Alan Linning and Susanne Harris explain the new requirements and offer guidance on next steps for intermediaries to prepare for compliance by August.
Hong Kong is an active market for initial public offerings (IPOs)1 and debt offerings2 . Bookbuilding and placing activities by intermediaries in equity and debt capital market (ECM and DCM) transactions are substantial but, in contrast to a comprehensive regulatory regime for listing sponsors in the IPO process, were not previously subject to specific regulatory requirements.
In a previous Legal Update, we provided a high-level overview of new requirements in the Code of Conduct for Persons Licensed by or Registered with the Securities and Future Commission (Code of Conduct) that will apply to bookbuilding and placing activities in ECM and DCM transactions from 5 August 2022.
This Legal Update elaborates on the context and scope of the new requirements and provides recommended next steps for intermediaries to prepare for the new requirements in coming months.
Background of the New Requirements
The new requirements in the Code of Conduct are aimed at combating substandard practices and control deficiencies in bookbuilding and placing activities in parts of the Hong Kong markets. This includes lack of transparency in the order book, preferential treatment or rebates paid to some investors, conflicts of interest between intermediaries and its investor clients, and a lack of documentation and record keeping processes.3
In targeting these problems, the new requirements seek to improve governance and enhance market standards to achieve a more transparent price discovery process, fair and orderly capital markets, improve investor confidence and enhance market development in Hong Kong.
The new requirements are set out in new paragraphs 17.1A and 21 of the Code of Conduct. The scope and key points of the new requirements are summarised below.

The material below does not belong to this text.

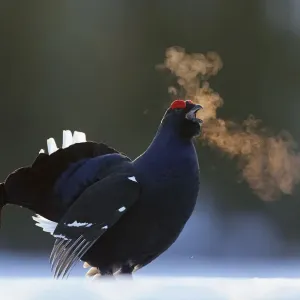 Male Black grouse (Tetrao / Lyrurus tetrix) calling at lek Male Black grouse (Tetrao / Lyrurus tetrix) calling at lek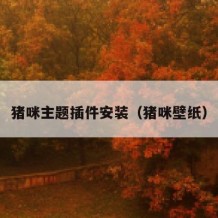 猪咪主题插件安装（猪咪壁纸）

Scope of the New Requirements
a. Types of offerings
The new requirements target the following offerings:
- Share offering: an offering of shares listed or to be listed on the main board of The Stock Exchange of Hong Kong Limited (Main Board); or
- Debt offering: an offering of debt securities listed or unlisted, and offered in Hong Kong or otherwise.4
b. Types of activities
The new requirements cover three types of defined activities:5
- Bookbuilding activities: collating investors’ orders (including indications of interest) in an offering in order to facilitate: (i) price determination and allocation of shares or debt securities to investors; or (ii) the process of assessing demand and making allocations;
- Placing activities: marketing or distributing shares or debt securities to investors pursuant to those bookbuilding activities; and
- Advising, guiding and assisting the issuer client in bookbuilding and placing activities.
Notably, the following types of activities are excluded from the new requirements:6
- Offerings which do not involve bookbuilding activities such as:
- bilateral agreements or arrangements between the issuer and investors (commonly known as “club deals”);
- transactions where only one or several investors are involved and the terms of the offering are negotiated and agreed directly between the issuer and the investors (commonly known as “private placements”); and
- transactions where shares or debt securities are allocated to investors on a predetermined basis at a pre-determined price.
- A share offering:
- to which an intermediary has subscribed as principal deploying its own balance sheet, for onward selling to investors (commonly known as “block transactions”); or
- selling of listed shares by existing shareholders (commonly known as “secondary offering”).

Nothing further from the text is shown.